Meantime, the Earth is hotter now than during three-quarters of the 11,300 years since the most recent ice age, according to researchers at Harvard and Oregon State universities. By 2020, U.S. oil output may surpass that of Saudi Arabia, the world’s top producer, the Paris-based International Energy Agency says.

Drillers say they can hasten America’s petroleum revival with CO2 EOR, a technique first used in the 1970s to refresh flagging wells.

In the mid-1990s, Hess Corp. and Occidental Petroleum Corp. began using carbon dioxide in so-called residual oil zones, areas previously rejected because the petroleum was mixed with too much water.

Since then, mapping and other technologies for steering CO2 toward productive reservoirs have improved, says Steve Melzer, who has run CO2 EOR conferences in Midland, Texas, for 18 years. The enhancements helped convince Roosevelt, who aims to be the first person to drill residual oil in a virgin field where there’s no network of existing wells.

Roosevelt’s claim that roughly 1.8 billion barrels are trapped below his parcel is accurate, says Melzer, whose consulting firm studied and verified it. Ryder Scott Co., a Houston firm that oil companies hire to independently evaluate petroleum reserves data they file with the U.S. Securities and Exchange Commission, estimates Roosevelt has a 90% probability of recovering 437 million barrels or more, spokesman Mike Wysatta says.

Texas Rozapolis

Melzer has no doubts about the oil. He calls west Texas residual oil zones, or ROZ in drilling lingo, the rozapolis because of their enormous potential. Montana, North Dakota and Wyoming are also rich in residual oil, says Vello Kuuskraa, who helped develop wells near Fort Worth, Texas, in 1997 that showed the viability of hydraulic fracturing, or fracking, and unleashed U.S. fossil-fuel fever.

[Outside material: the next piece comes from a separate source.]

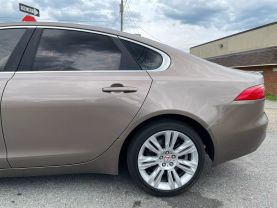 2017 Jaguar Xf - Image 3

Unlike fracking, in which drillers blast water, sand and chemicals into wells to shatter shale and release oil and gas, CO2-enhanced drilling induces a chemical reaction that makes oil less sticky and helps it flow from microscopic pores in the rock. CO2 costs about $35 per metric ton in west Texas, and drillers recycle it as many times as possible to dislodge more oil.

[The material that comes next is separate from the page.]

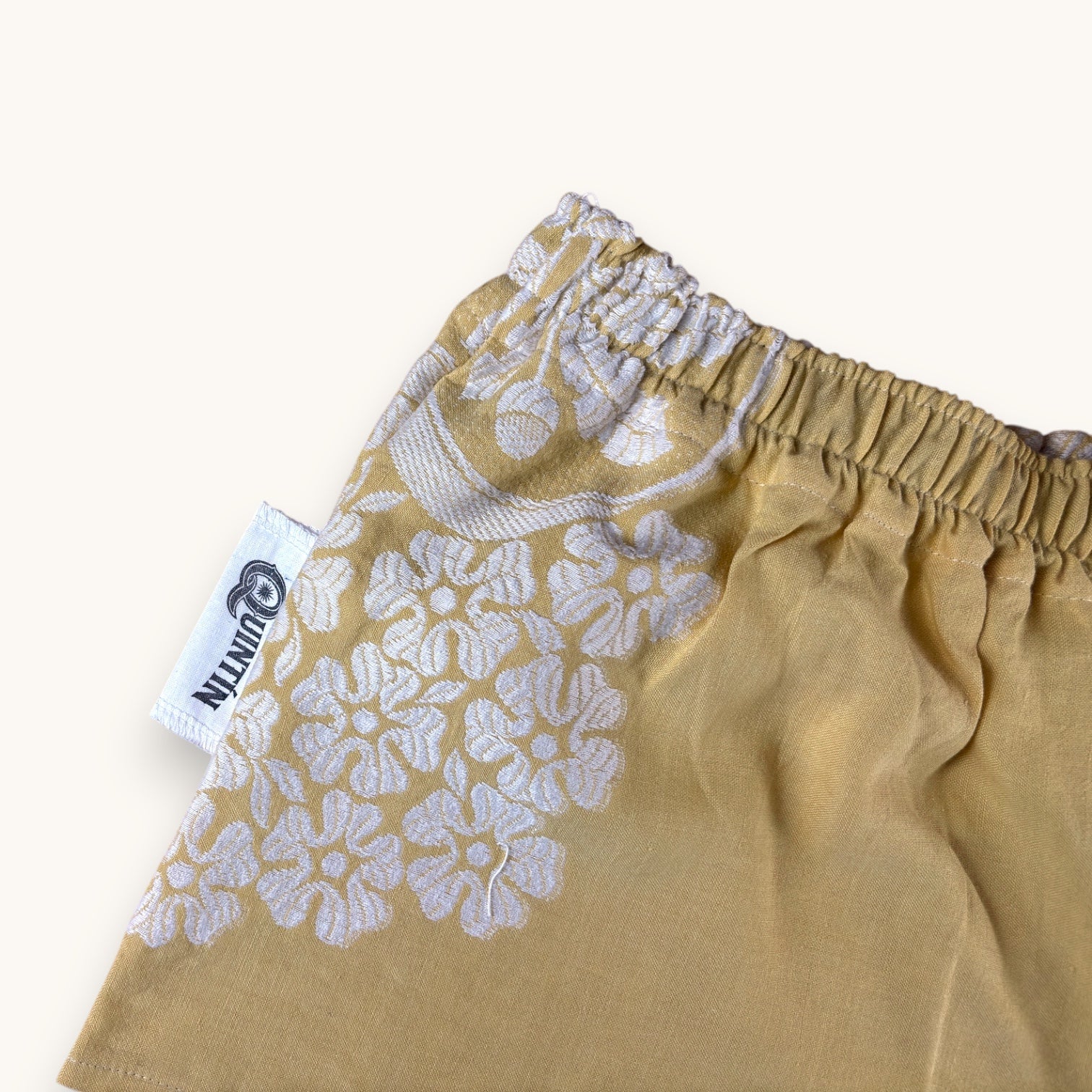 Mini-short Fleurs brodées Moutarde – Coton upcyclé – Taille unique S à L – Unisexe – Collection Fleurs – Quintín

Such drilling has the potential to unlock 100 billion barrels of recoverable U.S. reserves, says Kuuskraa, president of Advanced Resources International Inc. in Arlington, Va. U.S. reserves total 222.6 billion barrels this year, the EIA says.

About one-third of Kuuskraa’s projected increase, or 33 billion barrels, would come from residual zones, augmenting the bounty that fracking is recovering from shale rock.